"Proving" time complexity empirically
How do you know that an algorithm is O(n) (or O(log n) or O(1), etc)? The first (and correct) answer is by analysis: if your algorithm loops over a set of n items, it's O(n); and so on. But have you ever wanted to verify this? Like, you've written an algorithm that looks like it should be O(1), but you want to see how it performs in the real world. Or you're not sure if converting an array to JSON is O(n). Well, you can verify it, by running it with actual data and looking at the results.
Recently, I had to implement a graph data structure. A graph has vertices, which can be connected by edges.
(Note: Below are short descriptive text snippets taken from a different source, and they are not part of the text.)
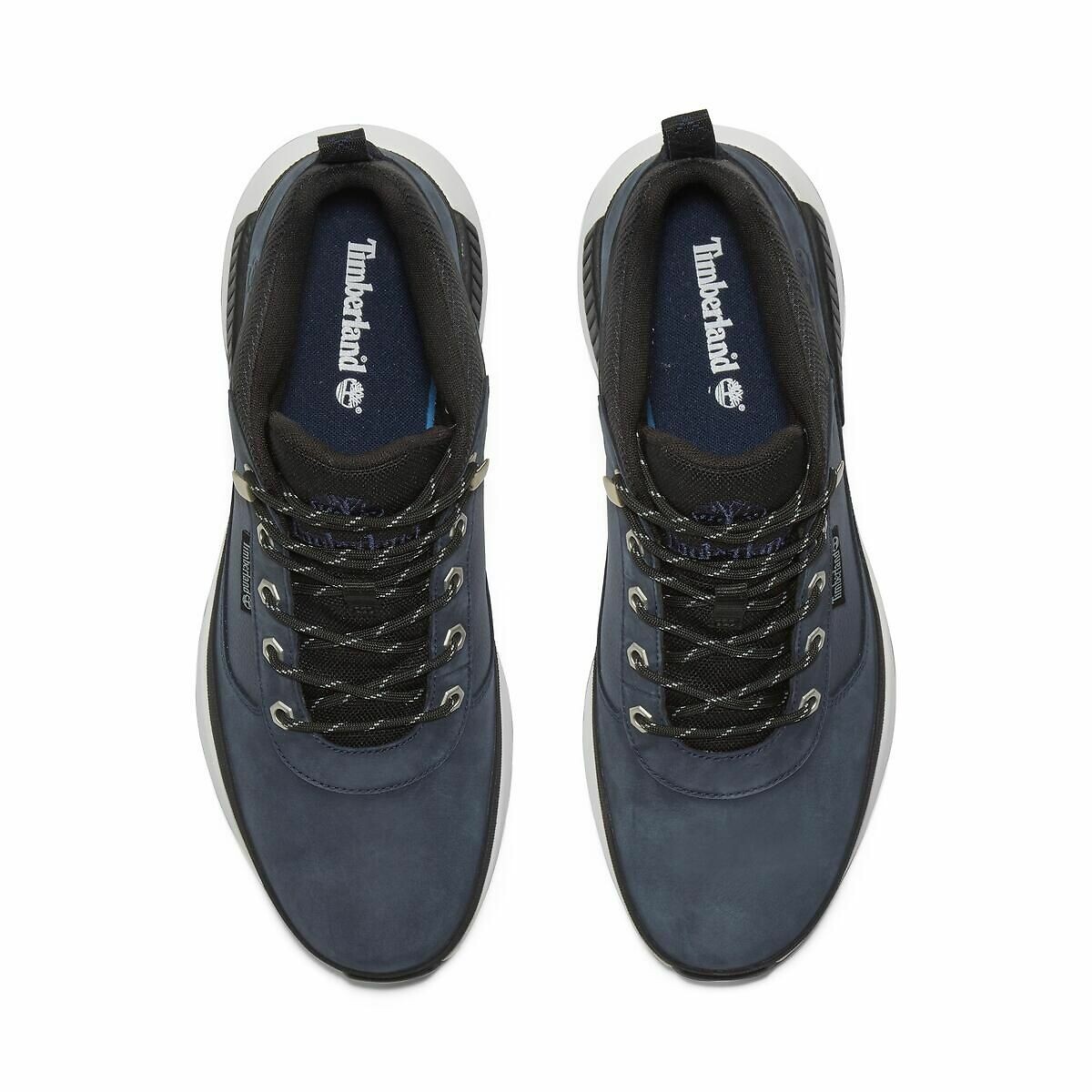 Tênis de couro Timberland Field Trekker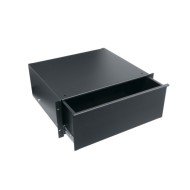 4 RU Utility Rack Drawer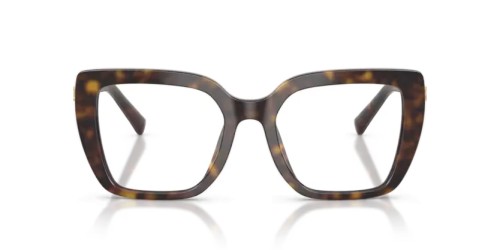 DOLCE & GABBANA DG3441 - 502 - 53 Optical frames Havanna Square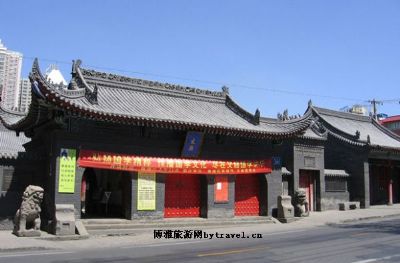 Urumqi Wenmiao: Unveiling the Secrets of Xinjiang’s Ancient Confucian Temple
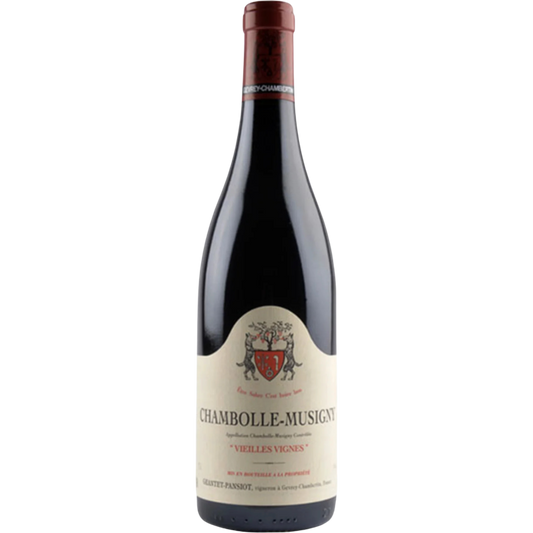 Geantet-Pansiot Chambolle Musigny V.Vignes 2022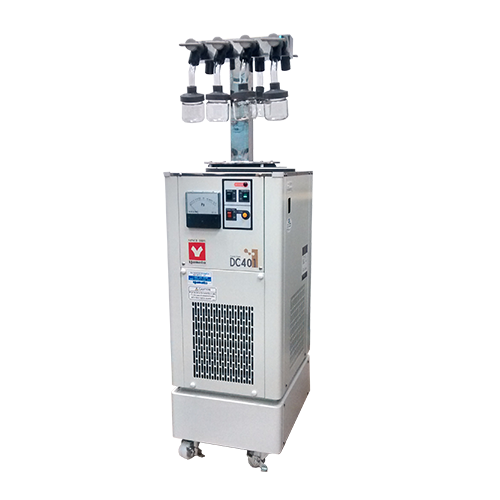 Yamato DC401 Pirani Vacuum Gauge Freeze Dryer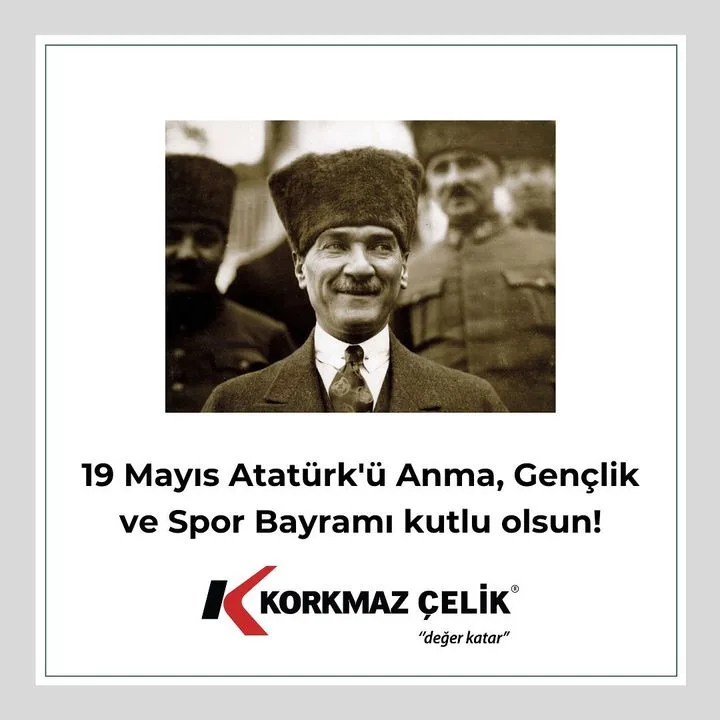 Korkmaz Çelik Tic Ve San AŞ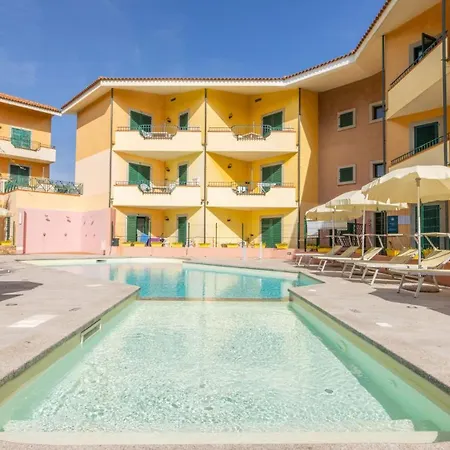 Quaint I Mirti Bianchi Bilo 4 No 6979 One Bedroom Sleeps 4 Daire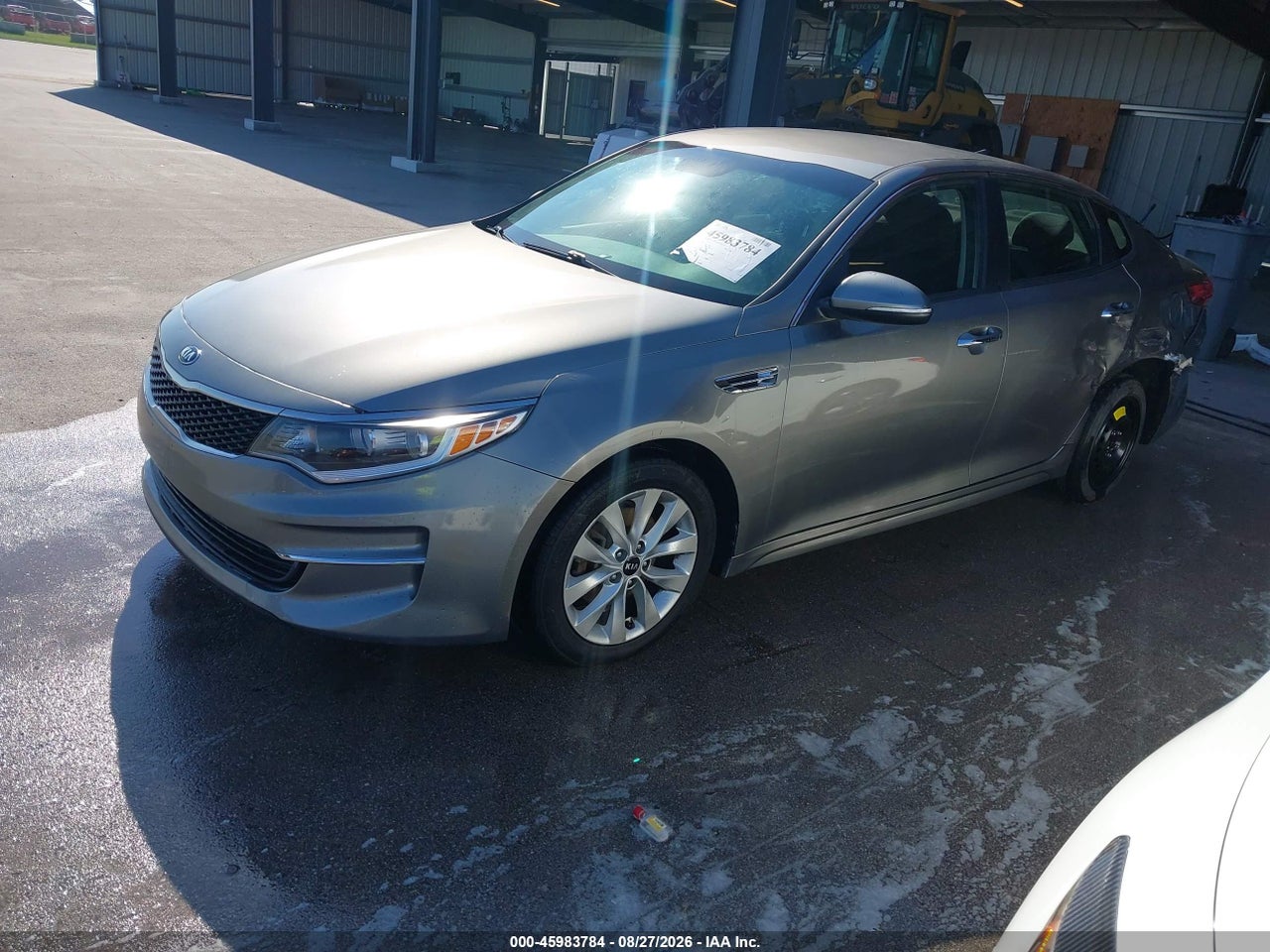 2017 KIA OPTIMA LX · 2/11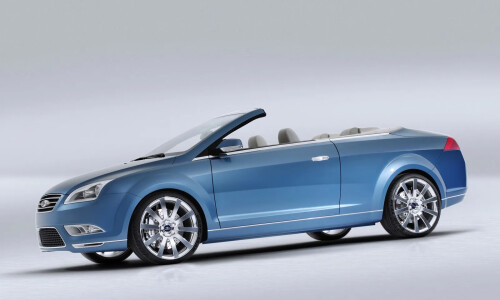 Ford Focus Coupé-Cabriolet #2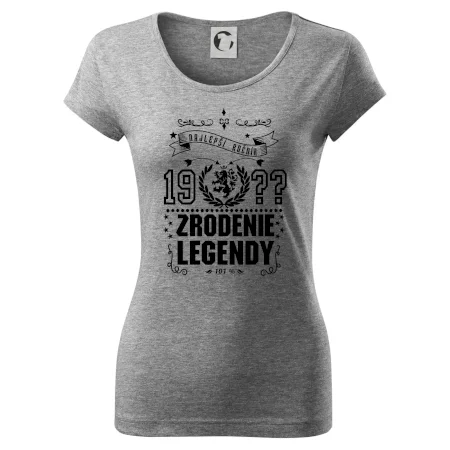 Zrodenie legendy - Slovenský lev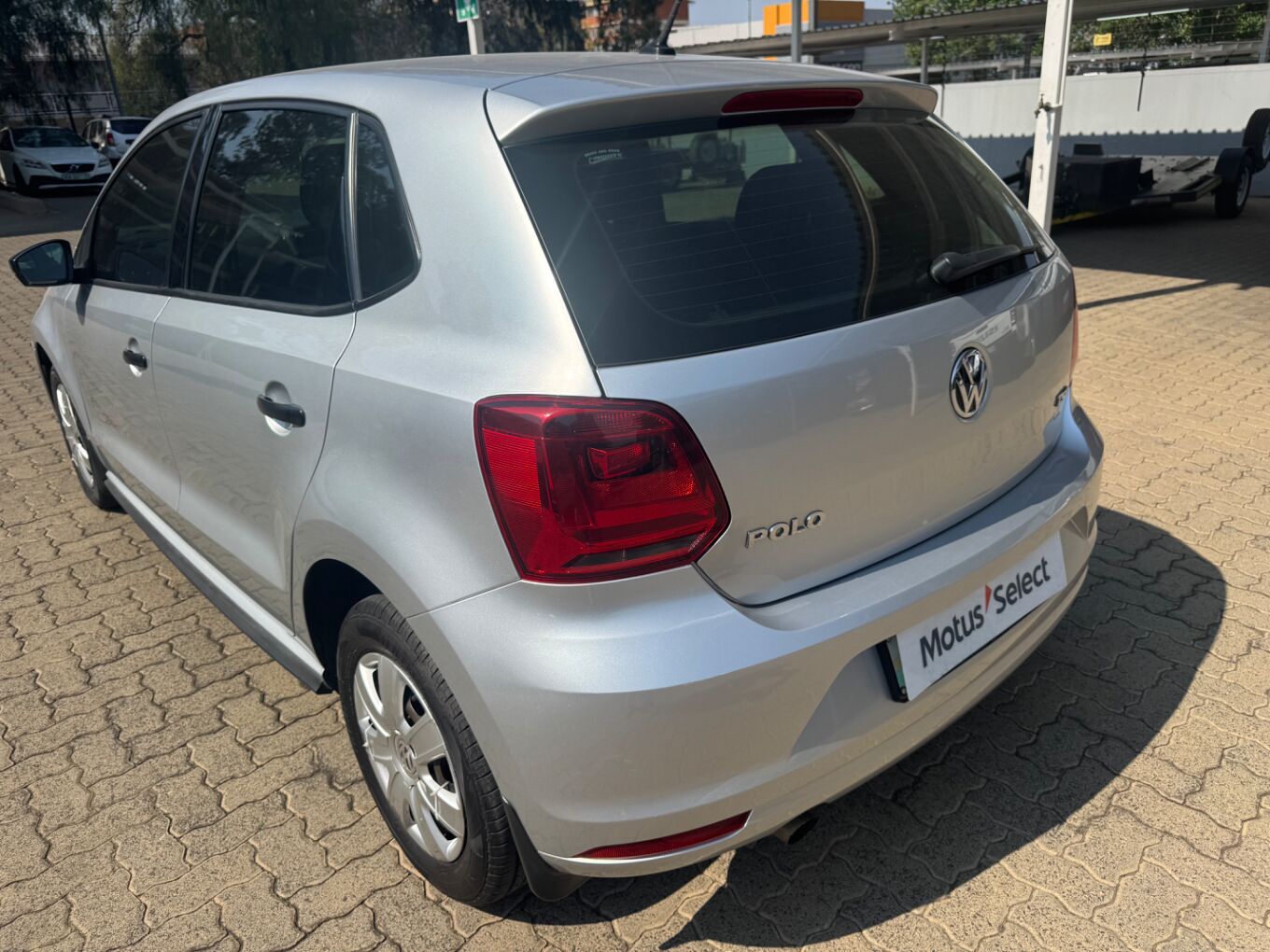 VOLKSWAGEN POLO GP 1.2 TSI TRENDLINE (66KW) Bloemfontein 4505824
I won't go into details about it, but what I'd read about my implementation claimed that checking for an edge and removing an edge were O(V) (where V is the number of vertices in the graph), but I felt that by using a map and set instead of lists, I had cut this time to O(1). I wanted to verify this.
The eyeball test
The first thing is to figure out what your variable (n) is, and create a set of test cases that vary n and keep other things constant.
With the example of my graph, I decided to start with a simple operation: adding a vertex. The variable was V, the number of vertices in the graph. My test would vary this number and see how long it took to add new vertices.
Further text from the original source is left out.